I love this one! It's great as a take along project because I don't have to concentrate until I get to the lace edge. And the worsted weight yarn makes it go so fast!


----------



## mopgenorth (Nov 20, 2011)

Love it, got it! Thanks Dee!!!

oh darn - I was so excited I didn't see the two for one notice until AFTER I purchased - that'll teach me!!!


----------



## AlderRose (May 5, 2011)

Love it! It's simply elegant! 

Does your pattern include how many extra stockinette rows to knit when working with sock yarn?


----------



## stevieland (Sep 15, 2011)

mopgenorth said:


> Love it, got it! Thanks Dee!!!
> 
> oh darn - I was so excited I didn't see the two for one notice until AFTER I purchased - that'll teach me!!!


Thanks so much! I'll PM you and let you know how you can get the free one. No problem.


----------



## Knittingkitty (Sep 25, 2011)

Very beautiful and warm!


----------



## nanciann (Aug 9, 2011)

I love this little sweetie...it is so special...and your own yarn...now that does impress me...big time...


----------



## patocenizo (Jun 24, 2011)

Same here!!! It is a sweet shawl. Easy to make. Loveit.


nanciann said:


> I love this little sweetie...it is so special...and your own yarn...now that does impress me...big time...


----------



## bglass (May 30, 2014)

Your Ashton was my first lace shaw and I'm in love with it. Thanks for going the extra mile for the new lace knitter. I'll have to try this one.


----------



## stevieland (Sep 15, 2011)

britgirl said:


> Beautiful. It's classically simple but with that pretty lace border . So nice to find a shawl pattern that works with variegated yarn too.
> 
> Sue


Thanks! I really liked it with the variegated. I wouldn't have had a clue what to do with that purple yarn pictured for example. I loved the colors but it was way too variegated for regular lace. I can't wait to wear it with my jean jacket now. Today is the day I think.


----------



## stevieland (Sep 15, 2011)

AlderRose said:


> Love it! It's simply elegant!
> 
> Does your pattern include how many extra stockinette rows to knit when working with sock yarn?


Thanks Rosalie. Yes it does. It's like 60 rows I believe.


----------



## kiwiannie (Jul 30, 2011)

Very pretty shawl,should be a popular knit. :thumbup: :thumbup: :thumbup: :thumbup:


----------



## lifeline (Apr 12, 2011)

It's beautiful in its simplicity. I was gifted some hand dyed yarn, worsted or heavier weight, I wonder if I have enough!


----------



## stevieland (Sep 15, 2011)

lifeline said:


> It's beautiful in its simplicity.

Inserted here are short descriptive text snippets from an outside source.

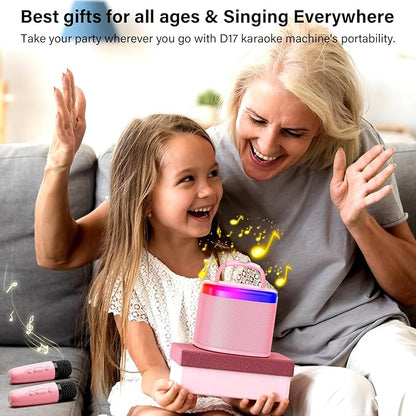 HWWR Karaoke Machine for Adults Kids, Mini Karaoke Machine with 2 Wireless Microphones, Portable Singing Speaker for Home Party, Kids Holiday Birthday Gifts, Music for Girls Boys All Age 3-12+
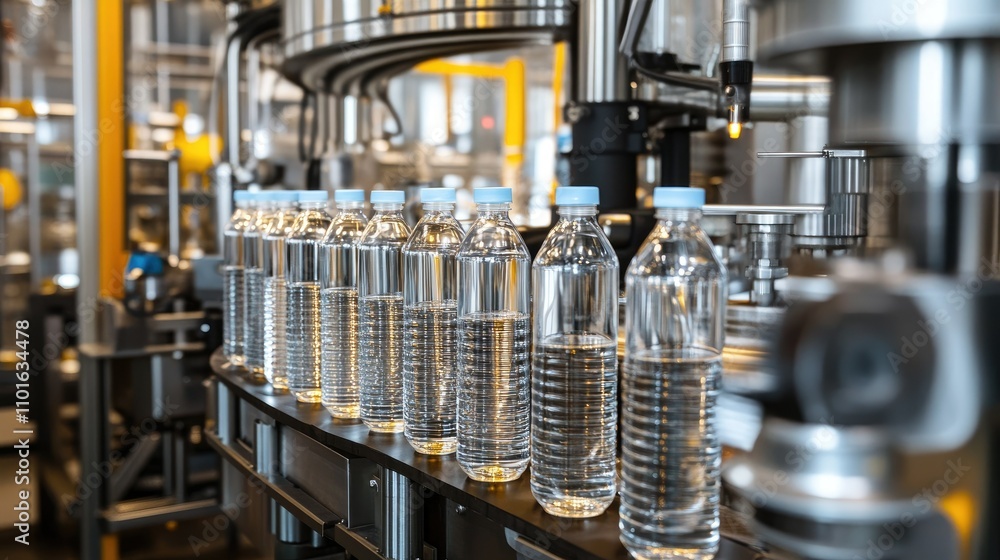 Poster Technician monitoring a modern liquid filling machine as it fills bottles, with automated systems in the background and a clean environment.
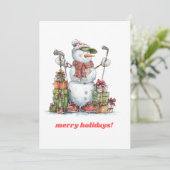 Merry Golfer Holiday Grußkarte Feiertagskarte (Stehend Vorderseite)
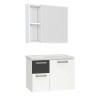 Conjunto Para Banheiro Aço Gabinete Kiwi 60 Espelho Ameixa Cozimax Branco/Preto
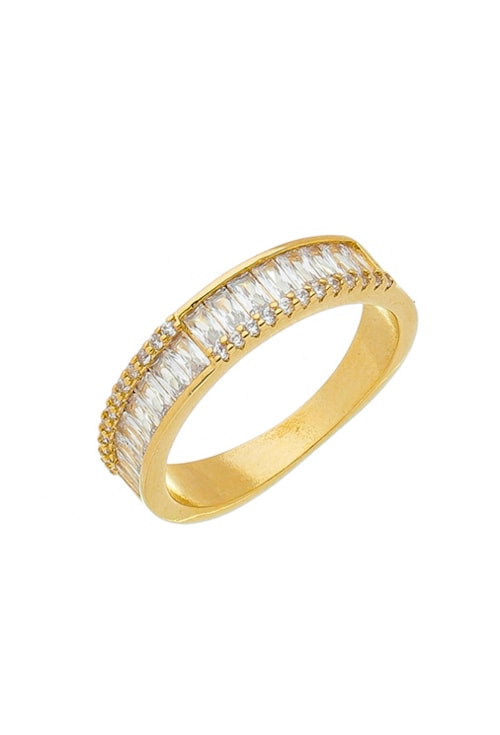 ANEL DE ZIRCÔNIAS BAGUETE CRISTAL AN199-O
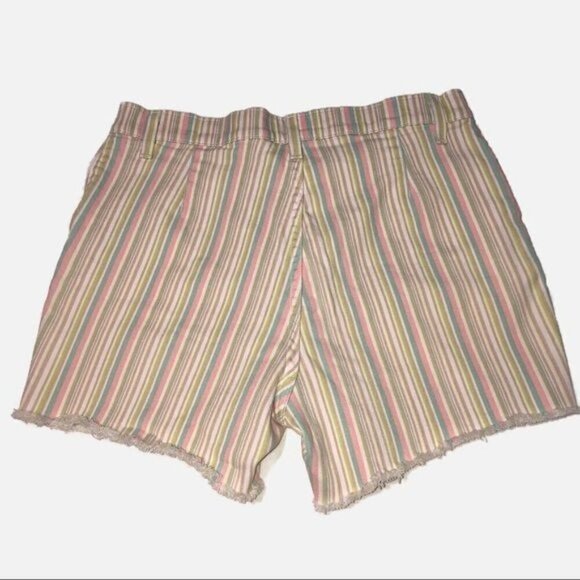 High Rise Stripe Cut Off Jean Shorts Size 12 Pastel White French Dressing Canada - Picture 3 of 7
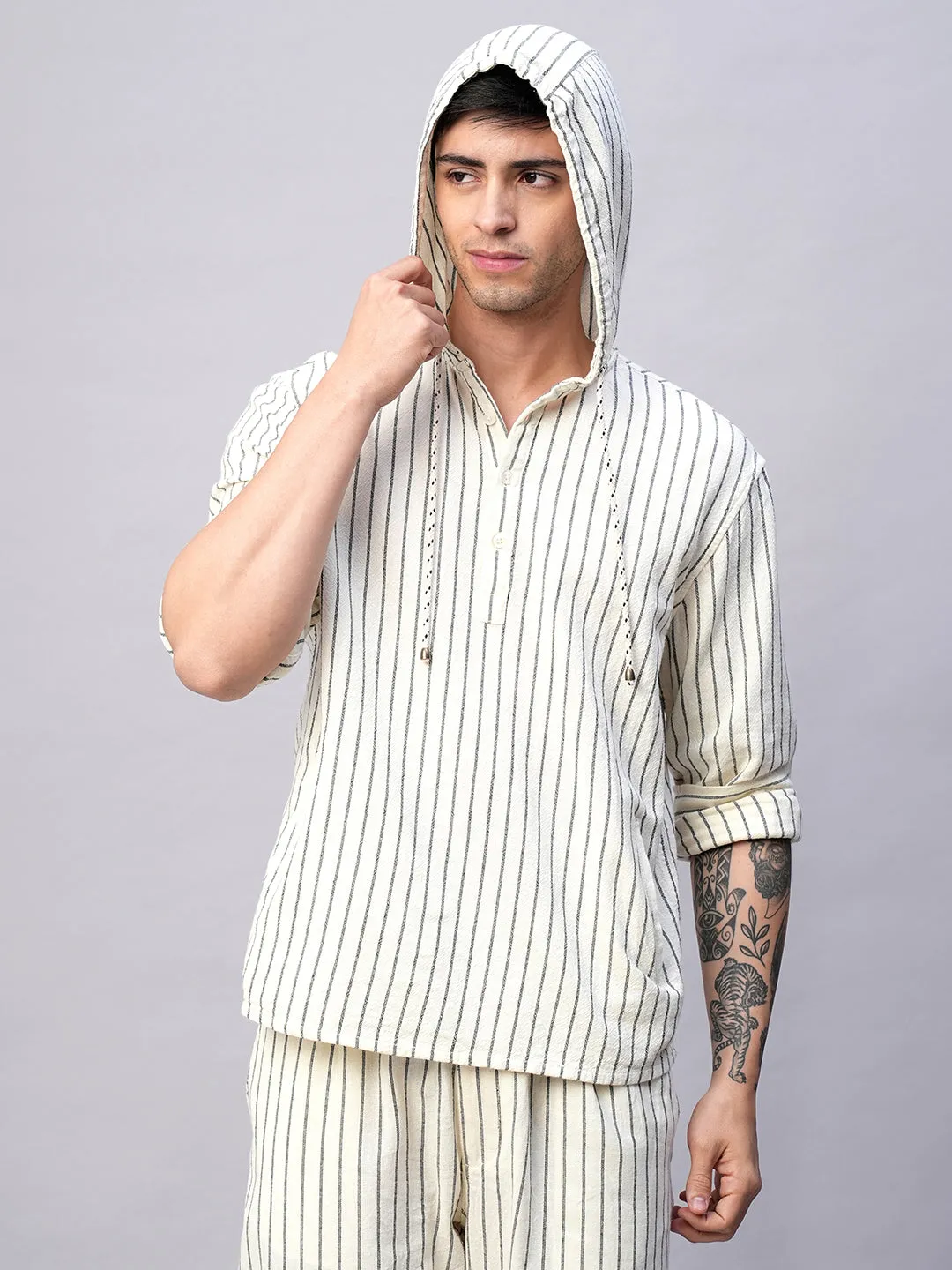Men's Natural/Black 100% Cotton Regular Fit Hooded  Shirt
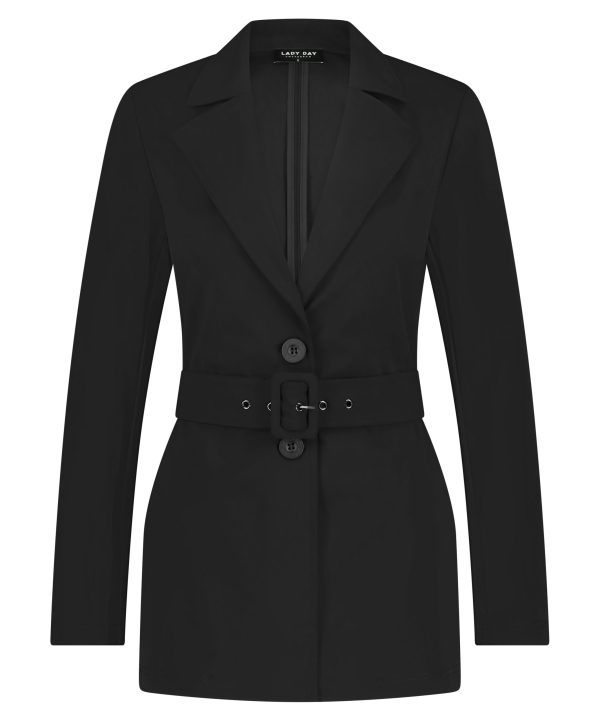 Lady Day - Blazer Miranda - Black Travelstof Zwart - Mode voor vrouwen Fashion Stretch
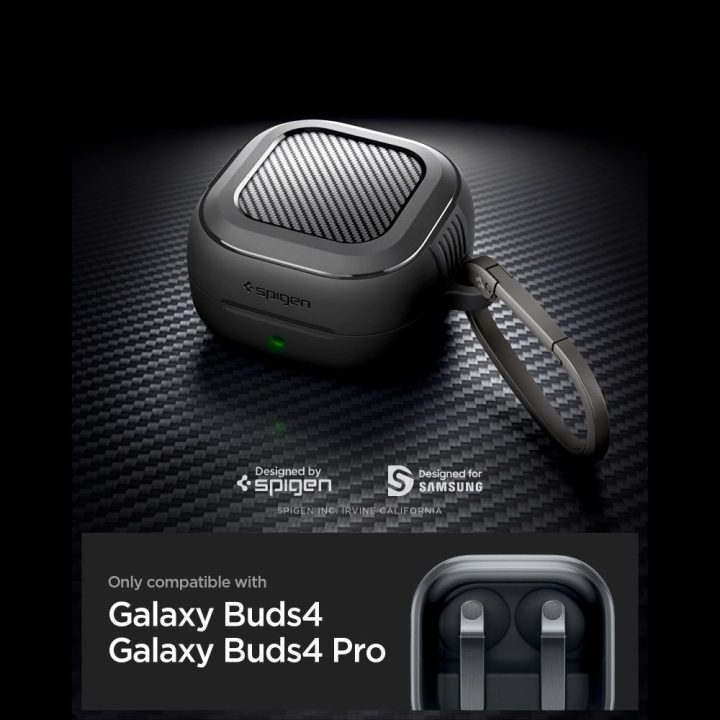 Dėklas Galaxy Buds 4/4 Pro, TPU, matinė juoda Spigen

I was gifted some hand dyed yarn, worsted or heavier weight, I wonder if I have enough!


Thanks so much. I used about 300 yards, but you could use as much as 350 if you have a heavier worsted weight. How much yarn do you have?

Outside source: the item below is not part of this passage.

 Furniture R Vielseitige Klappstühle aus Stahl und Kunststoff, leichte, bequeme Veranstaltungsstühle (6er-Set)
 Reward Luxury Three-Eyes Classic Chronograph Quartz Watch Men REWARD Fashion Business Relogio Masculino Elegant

Also keep in mind the pattern has a link to a very cool shawl calculator that if you can weigh your yarn before as as you go, you can see exactly what size you can make. You could use a slightly larger needle size and do fewer stockinette rows for example. And you can always contact me with questions about that too.


----------



## CathyAnn (May 14, 2011)

Simply gorgeous! Both are breathtaking.

The yarn you spun which is so beautiful (you really are good at spinning), and the purply one - are inspiring to me, to get with it and spin some yarn for this, and use some beautiful sock yarn that's in my stash. I also have some worsted weight yarn that would be perfect.... decisions, decisions, decisions........  :lol:


----------



## NanaMc (Sep 22, 2014)

That is so pretty! I think even I could knit that one.


----------



## willi66 (Aug 30, 2012)

Beautiful. Just bought it.


----------



## run4fittness (May 22, 2011)

Another lovely one! Love the colors on the second one the best! :thumbup:


----------



## stevieland (Sep 15, 2011)

CathyAnn said:


> Simply gorgeous! Both are breathtaking.
> 
> The yarn you spun which is so beautiful (you really are good at spinning), and the purply one - are inspiring to me, to get with it and spin some yarn for this, and use some beautiful sock yarn that's in my stash. I also have some worsted weight yarn that would be perfect.... decisions, decisions, decisions........  :lol:


Thanks hon. That purple yarn is so awesome in person. It's a single ply that glows I swear. I think it has some cashmere too if I recall. Feels so soft!


----------



## stevieland (Sep 15, 2011)

NanaMc said:


> That is so pretty! I think even I could knit that one.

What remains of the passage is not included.